*** DATA SECTION ***

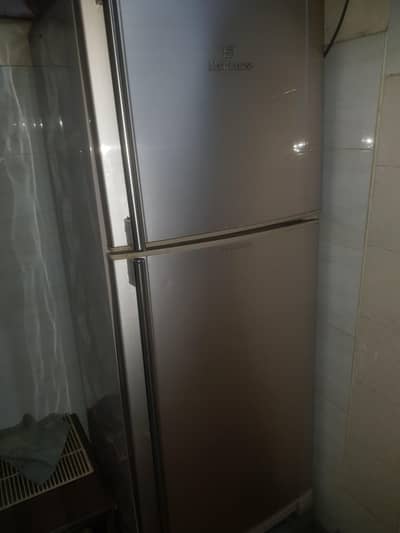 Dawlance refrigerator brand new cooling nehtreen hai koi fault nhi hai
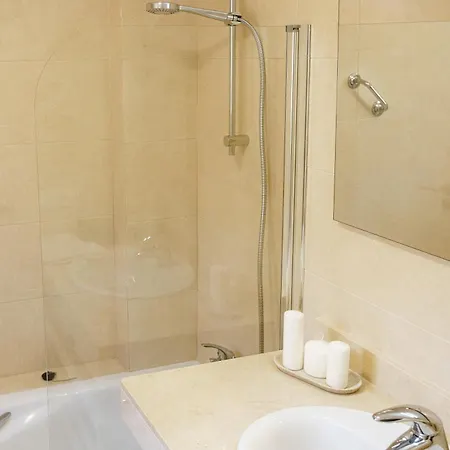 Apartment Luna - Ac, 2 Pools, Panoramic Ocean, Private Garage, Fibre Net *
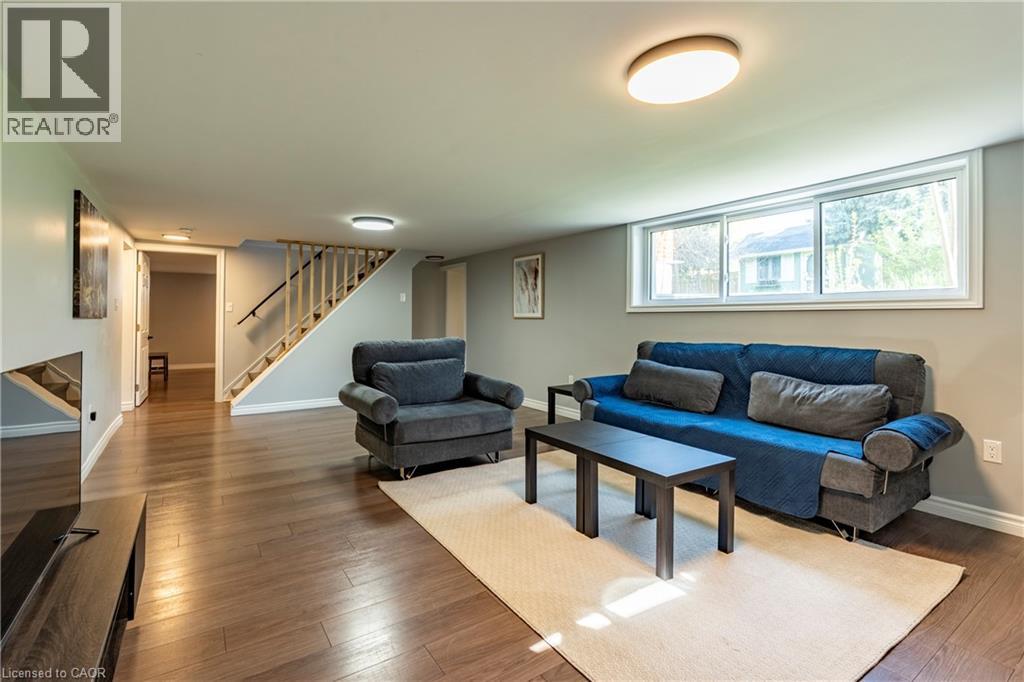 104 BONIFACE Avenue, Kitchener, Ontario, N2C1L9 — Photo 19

*** End of DATA SECTION ***
*** DATA SECTION ***

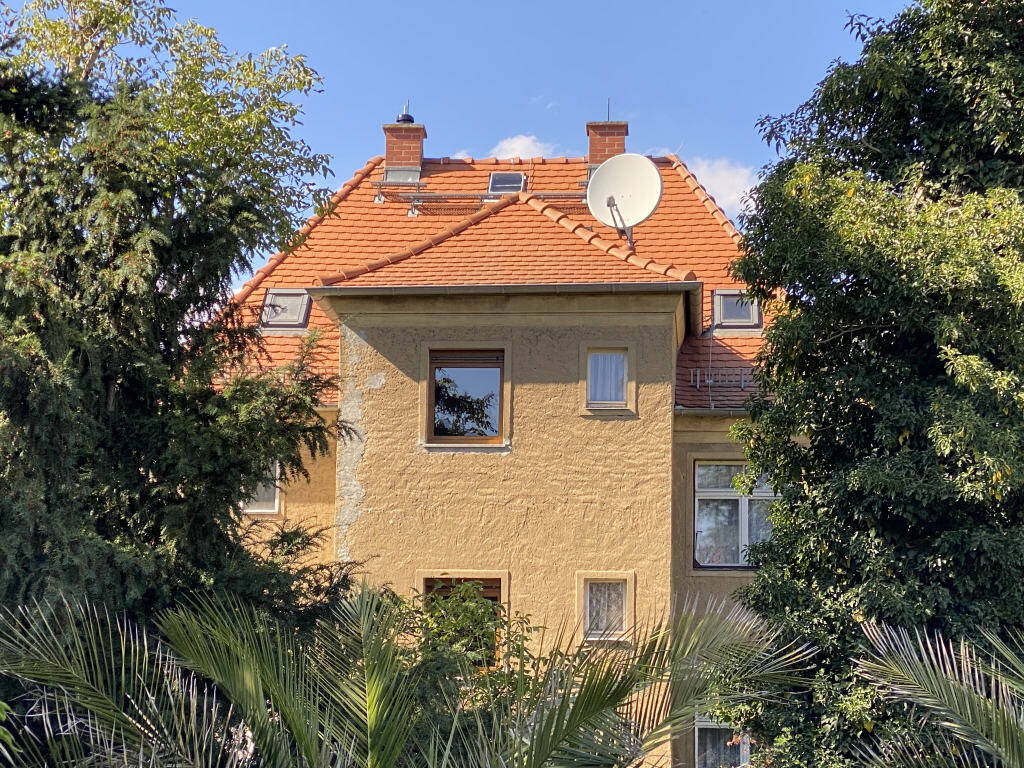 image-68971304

*** End of DATA SECTION ***

== TRY IT ==
Print exactly, with no pictures, the lines above from the one that holds "Dawlance refrigerator brand" through the one that holds "104 BONIFACE Avenue, Kitchener, Ontario, N2C1L9", both of them included.

== EXERCISE RESPONSE ==
 Dawlance refrigerator brand new cooling nehtreen hai koi fault nhi hai
 Apartment Luna - Ac, 2 Pools, Panoramic Ocean, Private Garage, Fibre Net *
 104 BONIFACE Avenue, Kitchener, Ontario, N2C1L9 — Photo 19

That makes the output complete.